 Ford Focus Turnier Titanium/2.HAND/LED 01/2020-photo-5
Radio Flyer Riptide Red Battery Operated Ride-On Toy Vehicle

...

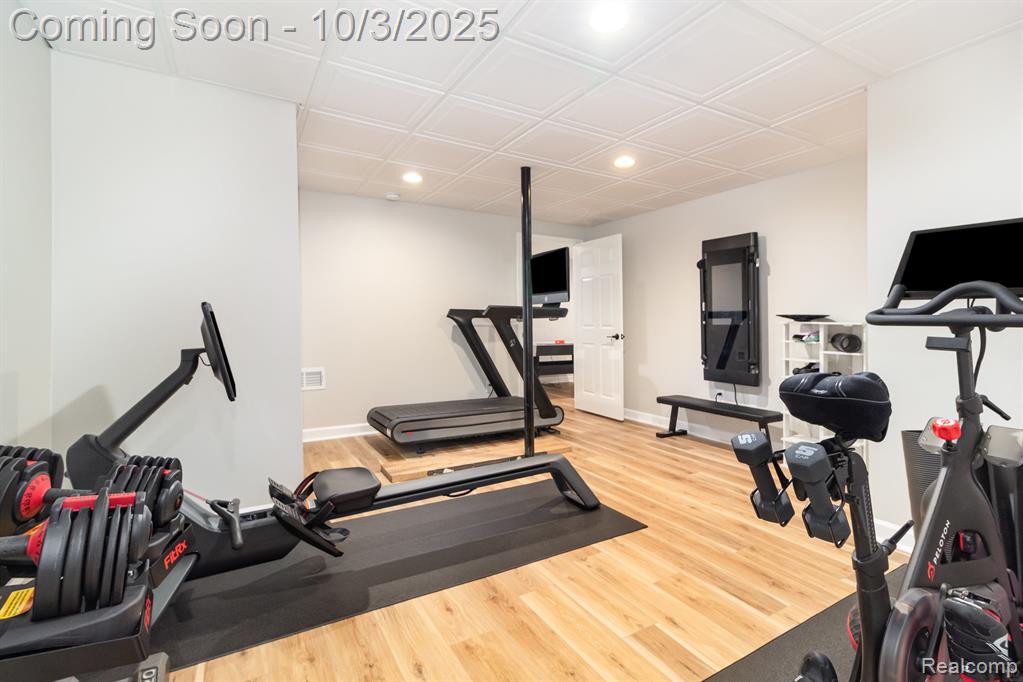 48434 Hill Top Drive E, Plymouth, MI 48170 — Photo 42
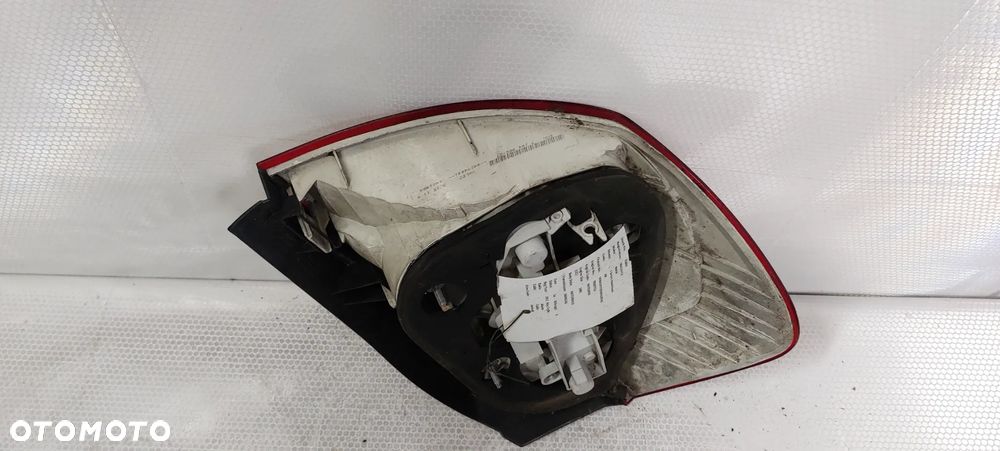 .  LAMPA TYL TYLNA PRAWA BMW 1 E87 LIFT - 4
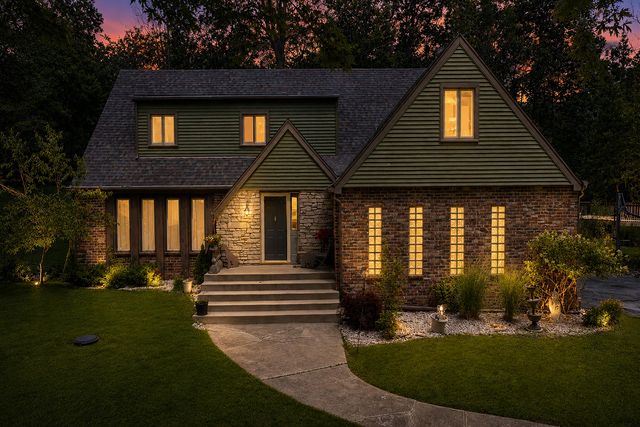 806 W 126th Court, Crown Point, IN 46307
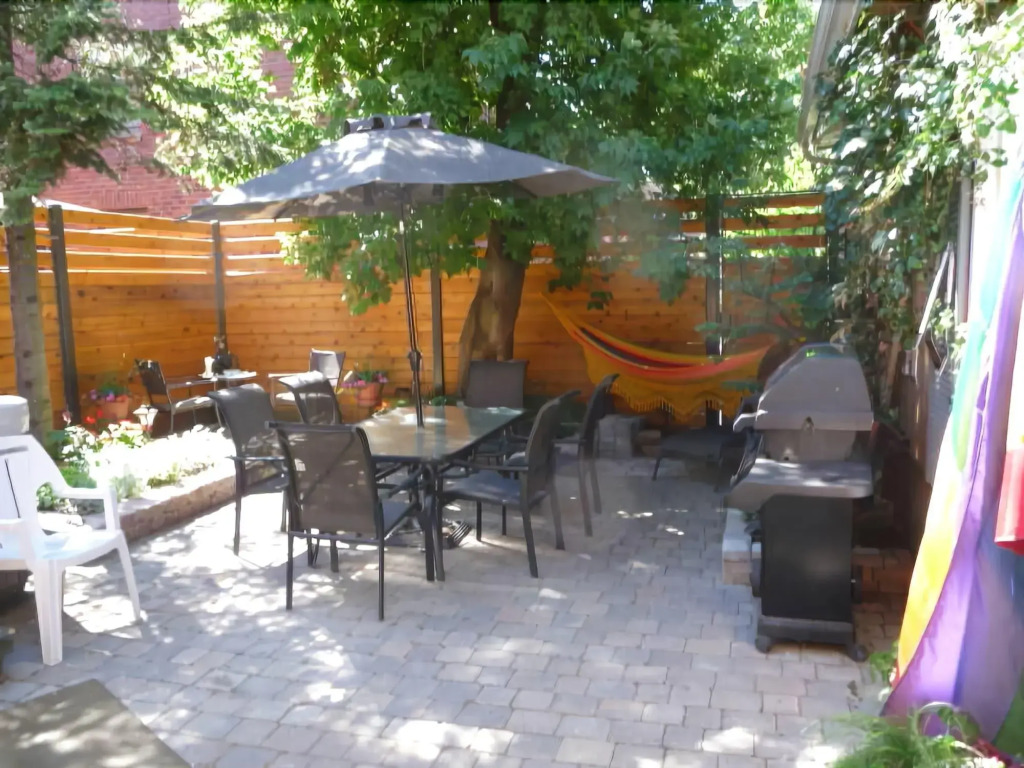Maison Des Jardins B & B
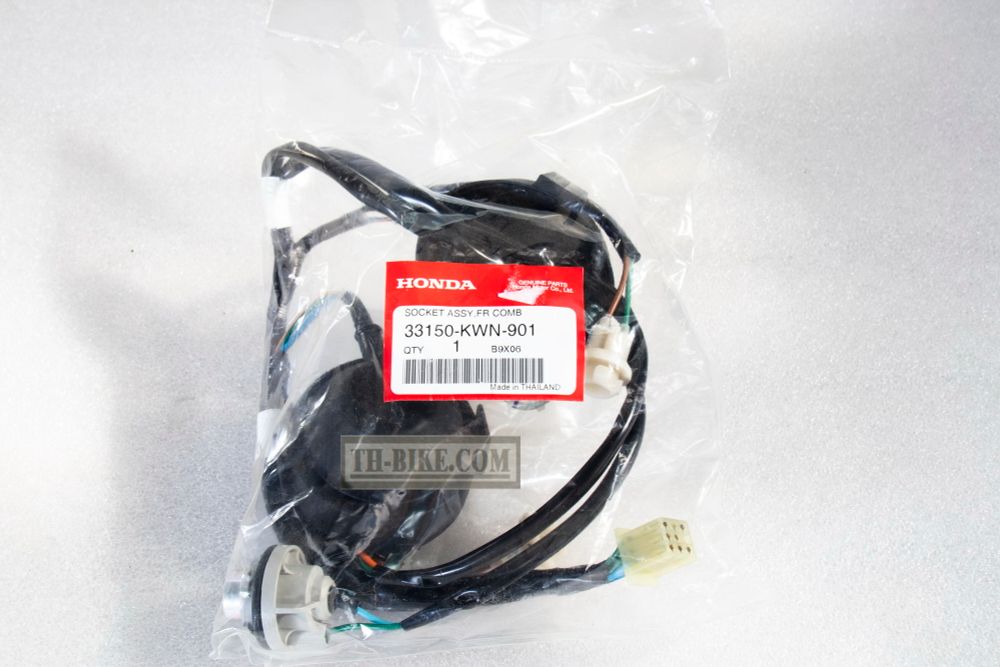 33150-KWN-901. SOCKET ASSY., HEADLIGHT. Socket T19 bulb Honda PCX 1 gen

● **INSTRUCTIONS FOR THE TASK**: Given the records above, return the lines starting at the one that holds "E87 LIFT - 4" and ending at the one that holds "33150-KWN-901. SOCKET ASSY., HEADLIGHT.", exactly, and nothing besides; leave every picture out.

● **ANSWER AREA**:
 .  LAMPA TYL TYLNA PRAWA BMW 1 E87 LIFT - 4
 806 W 126th Court, Crown Point, IN 46307
Maison Des Jardins B & B
 33150-KWN-901. SOCKET ASSY., HEADLIGHT. Socket T19 bulb Honda PCX 1 gen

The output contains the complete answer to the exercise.